Digger - October 17, 2011

The grotesque corruption unearthed in the city of Bell, CA inspired a bill written by Assemblyman Ricardo Lara, D-Bell Gardens, that expands the authority of the state auditor's office to examine the finances of local governments which appear 'at high risk" for fraud, waste or mismanagement. Many thanks are due Representative Ricardo Lara for his bill. A recent San Diego Union Tribune editorial opined that the very first government body that should be scrutinized is the Otay Water District because its board, in "an astonishing abuse of power," voted to give lifetime retiree health benefits to more than 100 managers, union employees and their dependents after ratepayers had already been hit with a series of sharp rate increases and despite intense public opposition which made it "simply unconscionable."

The Otay Water District boondoggle is outrageous but not unique. In December 2008, the Borrego Water District board decided the small (fewer than 2,000 ratepayers) district was so flush that they should reward themselves and their dependents with free access to the district's platinum medical insurance plan despite howls of protest from incensed ratepayers who would pay for it.
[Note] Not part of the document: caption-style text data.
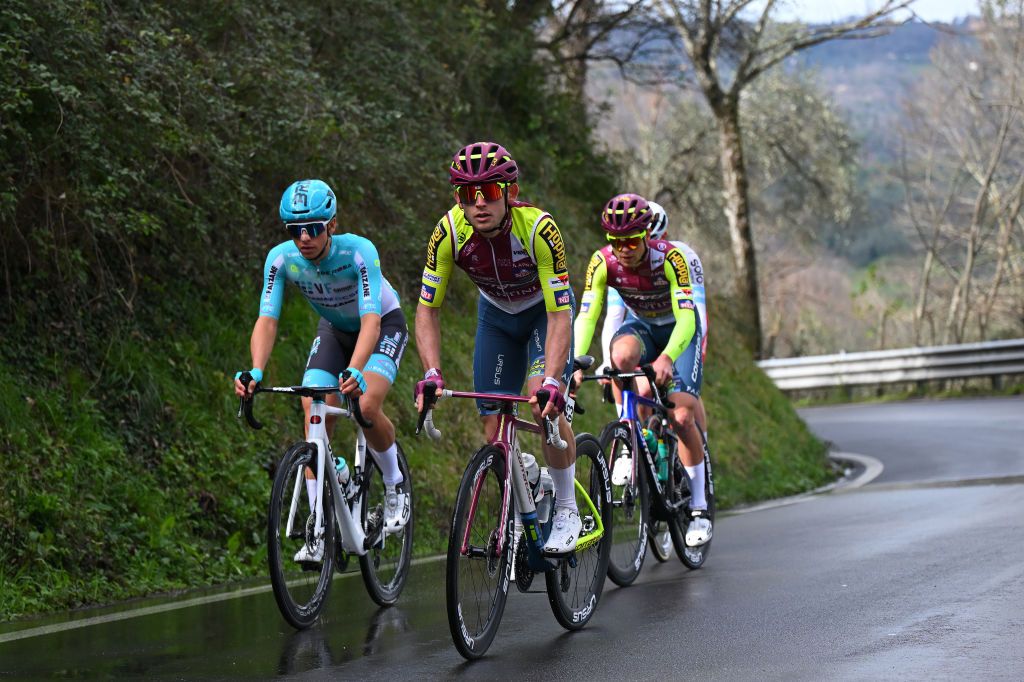 FOLLONICA ITALY MARCH 05 LR Filippo Magli of Italy and Team VF Group Bardiani CSF Faizane and Lorenzo Quartucci of Italy and Team CorratecVini Fantini compete in the breakaway during the 59th TirrenoAdriatico 2024 Stage 2 a 198km stage from Camaiore to Follonica UCIWT on March 05 2024 in Follonica Italy Photo by Tim de WaeleGetty Images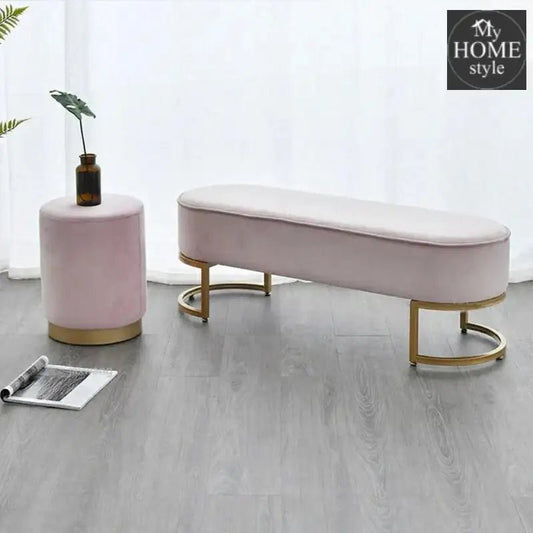 Luxury Wooden stool 3 Seater With Steel Stand - 1190 - myhomestyle.pk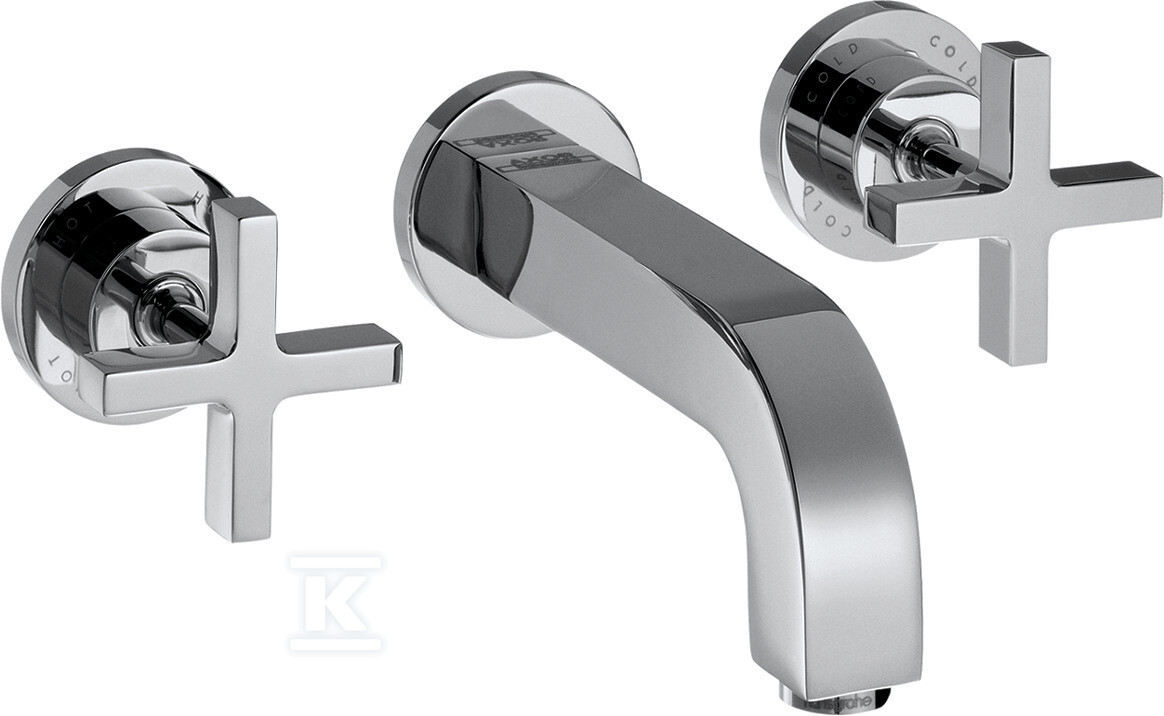 Plik pobrany ze strony Hurtowni Onninen https://onninen.pl Bateria umywalkowa ścienna Hansgrohe Axor Citterio trzyotworowa podtynkowa z uchwytami krzyżowymi, z rozetami, wylewki 166 mm, DN15 chrom 39313000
In November 2010 the terms of three of the five board members, including that of Chair Kathy King, were up and none were re-elected. The three newly elected directors immediately canceled the board's free insurance that had already cost the small district $122,000. They also discovered evidence of gross financial misfeasance by the General Manager and previous board as a result of which the district was verging on insolvency. Within weeks after the election one of the two remaining members of the previous board, Robert Mendenhall, and the GM, Richard S. Williamson, abruptly resigned. The last remaining member of the old board, Eleanor Shimmel, finally resigned on 26 August 2011.

The new board and a new GM are struggling mightily just to keep the agency operating, but there is no assurance they will succeed despite their considerable ability and determination, and notwithstanding a recently enacted thirty percent rate increase with more to come until rates have nearly doubled in three years.

While Otay directors should face serious repercussions, they are by no means the only public agency in the county suffering from waste, mismanagement, and egregious abuse of power. The Borrego Water District's recent history is proof of that and the miscreants who created the disastrous situation in which it now finds itself should feel the full weight of the new law as soon as possible.